This is a dataset of 32524 examples for premise selection based on the Mizar40 experiments [1]. The proof data (without the negative part added here) served also for the DeepMath experiments described in [2].
For each conjecture the dataset contains a file with a roughly equal number of unnecessary facts and necessary facts. This is done to simplify experiments with learning methods such as neural networks.
In nnhpdata/* the examples are in this format:
C prefixformula
+ prefixformula
...
+ prefixformula
- prefixformula
...
- prefixformula
In nndata/* the examples are in this format:
C tptpformula
+ tptpformula
...
+ tptpformula
- tptpformula
...
- tptpformula
Here tptpformula is the standard FOL TPTP representation, and prefixformula is a prefix curried format using de Bruijn indeces.
C is the conjecture, + are the formulas needed for an ATP proof of C, and - are unnecessary formulas that are reasonably highly ranked by a k-nearest neighbor algorithm trained on the proofs .

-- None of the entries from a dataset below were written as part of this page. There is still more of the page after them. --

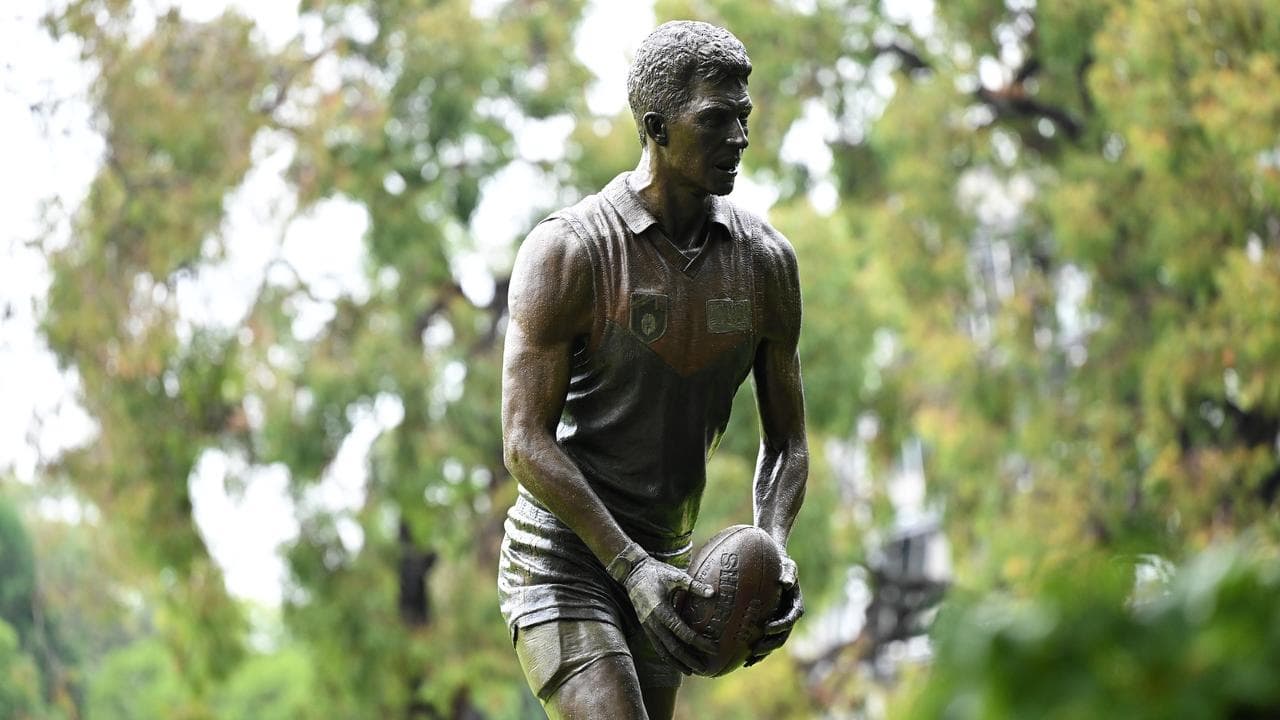 The Jim Stynes Statue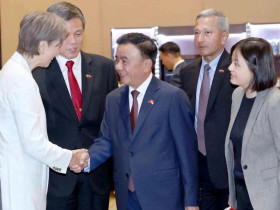 Lễ đón Thường trực Ban Bí thư Trần Cẩm Tú thăm chính thức Singapore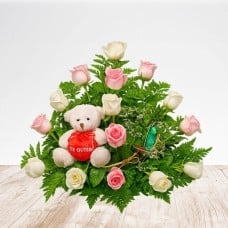 Teddy Center Roses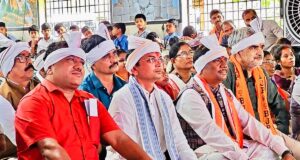 अब धमाकों की नहीं, रेडियो की गूंज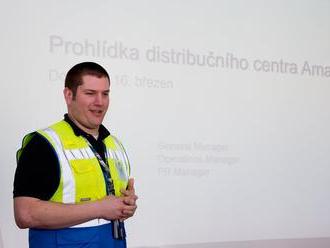 Distribuční centrum Amazonu funguje bez ladu a skladu. Řídí ho ale Systém  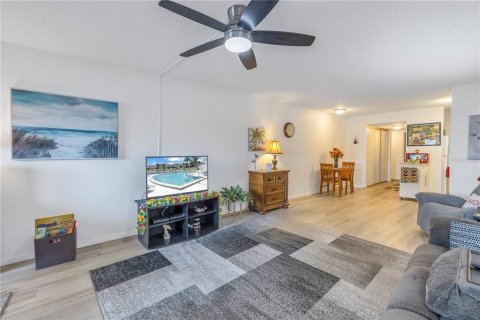 Copropriété à vendre à Kenneth City, Floride: 2 chambres, 106.84 m2 № 1299908 - photo 10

To divide into training and testing, just randomly select a part (e.g. 90%) of the files to train on and test on the remaining files.
The accuracy of a simple count-based predictor evaluated incrementally on the whole dataset is 71.75%.
The mizar40 and code directories contain the data (proofs, statemnts, etc.) and the code used to generate the nndata and nnhpdata examples.